Data =>
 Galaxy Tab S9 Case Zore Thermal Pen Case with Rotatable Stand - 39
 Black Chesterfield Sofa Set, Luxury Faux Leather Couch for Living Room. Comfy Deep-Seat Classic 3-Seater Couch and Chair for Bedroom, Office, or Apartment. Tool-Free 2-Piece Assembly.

* * *

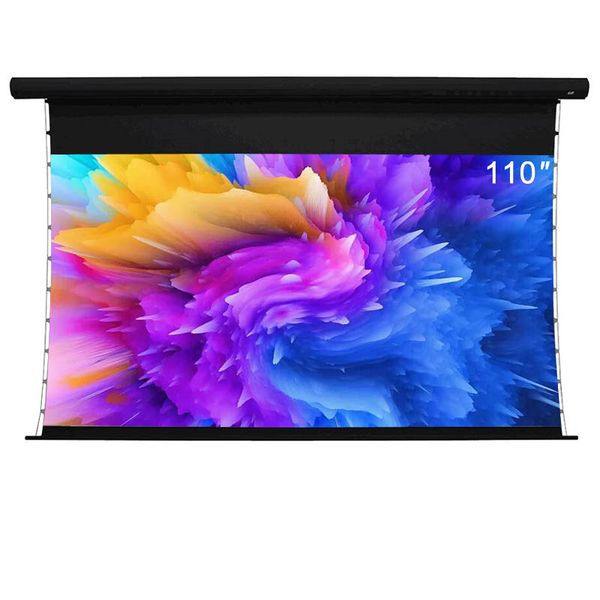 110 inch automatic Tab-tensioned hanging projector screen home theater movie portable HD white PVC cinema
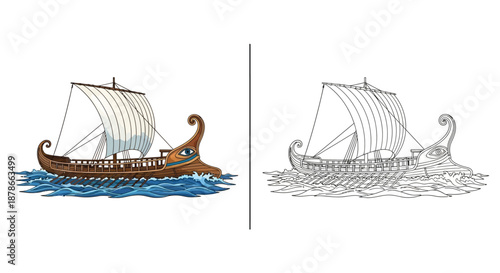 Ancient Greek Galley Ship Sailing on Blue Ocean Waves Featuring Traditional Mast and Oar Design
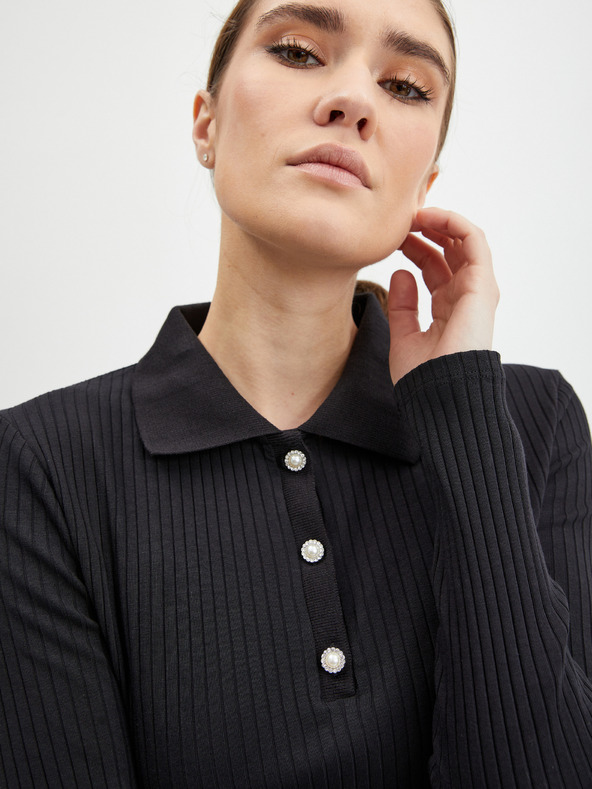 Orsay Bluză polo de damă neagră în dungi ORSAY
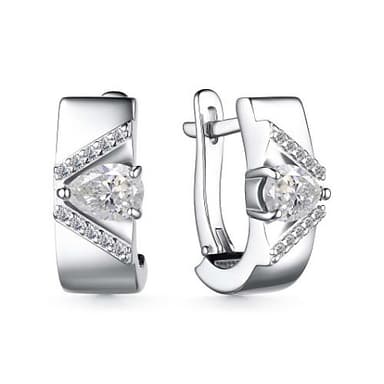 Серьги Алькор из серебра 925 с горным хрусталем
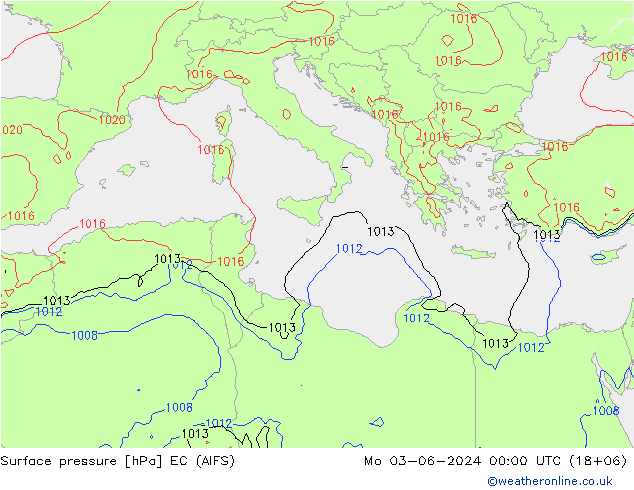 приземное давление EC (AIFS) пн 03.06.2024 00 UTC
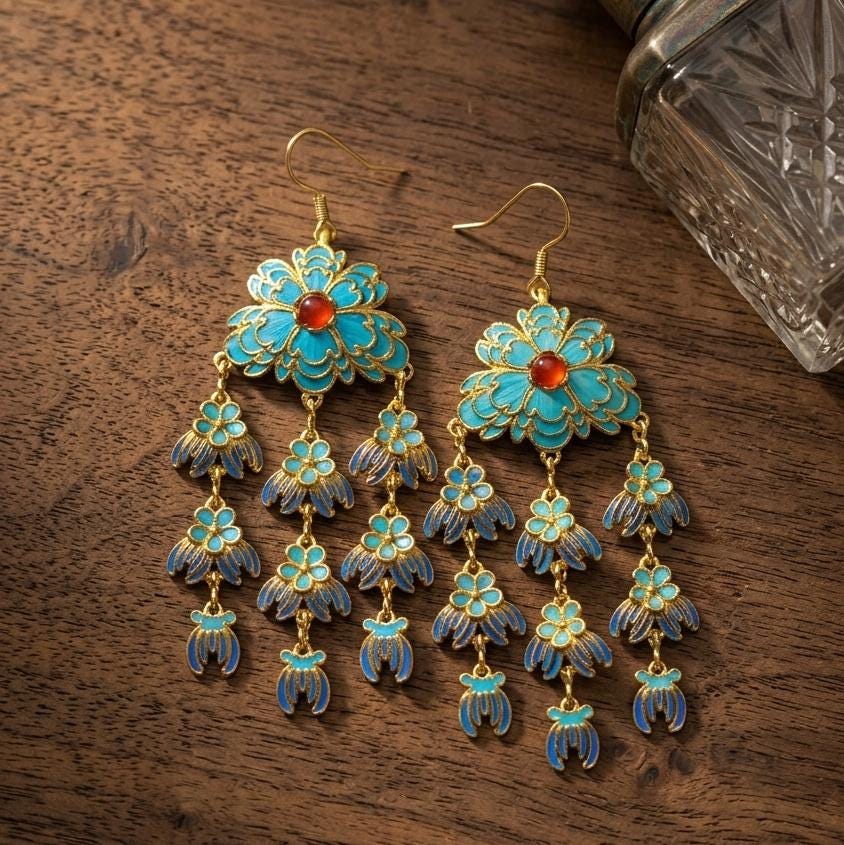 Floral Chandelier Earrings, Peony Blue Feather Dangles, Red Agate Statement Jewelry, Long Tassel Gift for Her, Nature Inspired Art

--

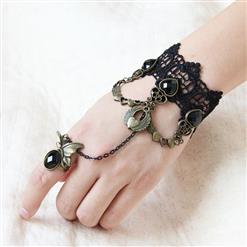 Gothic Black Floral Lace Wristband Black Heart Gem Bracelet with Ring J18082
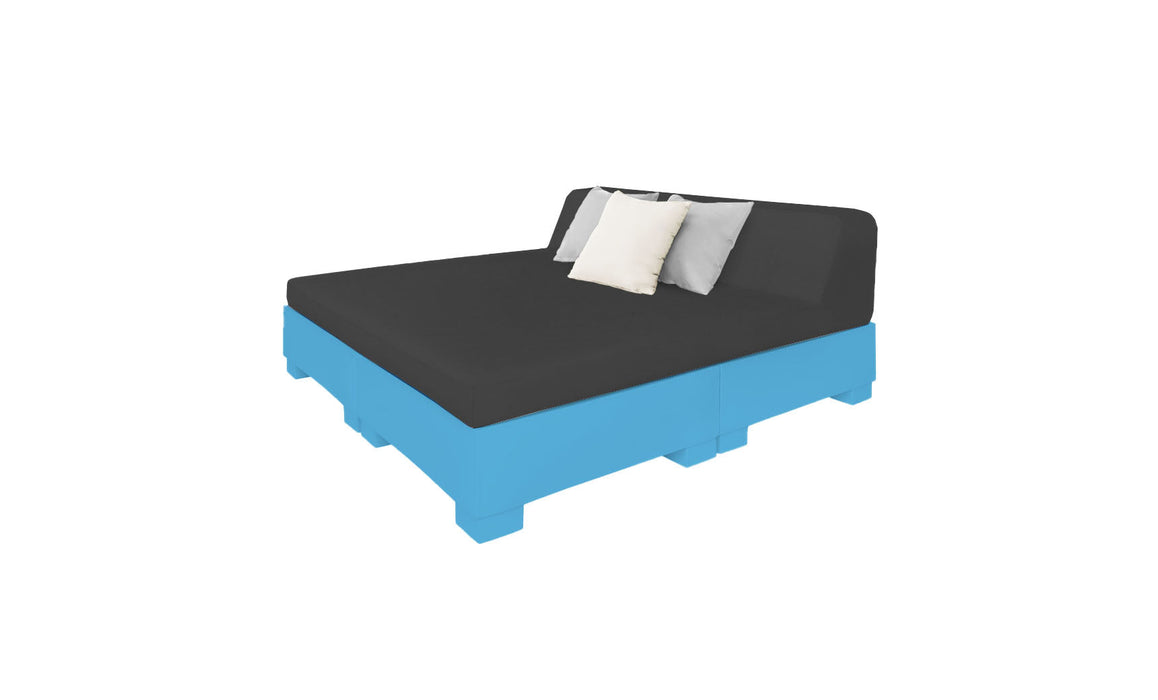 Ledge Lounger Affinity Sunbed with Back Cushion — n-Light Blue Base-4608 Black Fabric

What this task involves =>
Pictures aside, print exactly the lines above starting with the one containing "110 inch automatic" and going on through the one containing "Floral Chandelier Earrings, Peony".

Result for this exercise =>
 110 inch automatic Tab-tensioned hanging projector screen home theater movie portable HD white PVC cinema
 Ancient Greek Galley Ship Sailing on Blue Ocean Waves Featuring Traditional Mast and Oar Design
 Orsay Bluză polo de damă neagră în dungi ORSAY
 Серьги Алькор из серебра 925 с горным хрусталем
 приземное давление EC (AIFS) пн 03.06.2024 00 UTC
 Floral Chandelier Earrings, Peony Blue Feather Dangles, Red Agate Statement Jewelry, Long Tassel Gift for Her, Nature Inspired Art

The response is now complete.